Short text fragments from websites
*** Begin section ***
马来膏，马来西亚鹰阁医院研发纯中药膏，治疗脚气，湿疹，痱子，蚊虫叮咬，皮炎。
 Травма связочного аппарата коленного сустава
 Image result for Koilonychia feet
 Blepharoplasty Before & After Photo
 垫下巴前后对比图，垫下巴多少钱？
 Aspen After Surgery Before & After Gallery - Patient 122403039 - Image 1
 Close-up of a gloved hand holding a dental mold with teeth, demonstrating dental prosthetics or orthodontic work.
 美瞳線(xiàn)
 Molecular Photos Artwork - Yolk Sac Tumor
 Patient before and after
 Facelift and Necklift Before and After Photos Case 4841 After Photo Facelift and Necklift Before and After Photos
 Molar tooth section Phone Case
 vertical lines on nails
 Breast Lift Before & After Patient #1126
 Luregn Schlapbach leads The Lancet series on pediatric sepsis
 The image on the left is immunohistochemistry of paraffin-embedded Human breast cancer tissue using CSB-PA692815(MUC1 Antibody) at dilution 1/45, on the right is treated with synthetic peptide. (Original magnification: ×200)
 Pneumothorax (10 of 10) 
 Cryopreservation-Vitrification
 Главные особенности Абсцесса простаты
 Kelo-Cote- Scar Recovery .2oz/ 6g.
*** End section ***
Copying begins at the line that holds "Luregn Schlapbach leads" and ends at the last line of the data above, with both included and each line kept exactly.

Result of the task:
 Luregn Schlapbach leads The Lancet series on pediatric sepsis
 The image on the left is immunohistochemistry of paraffin-embedded Human breast cancer tissue using CSB-PA692815(MUC1 Antibody) at dilution 1/45, on the right is treated with synthetic peptide. (Original magnification: ×200)
 Pneumothorax (10 of 10) 
 Cryopreservation-Vitrification
 Главные особенности Абсцесса простаты
 Kelo-Cote- Scar Recovery .2oz/ 6g.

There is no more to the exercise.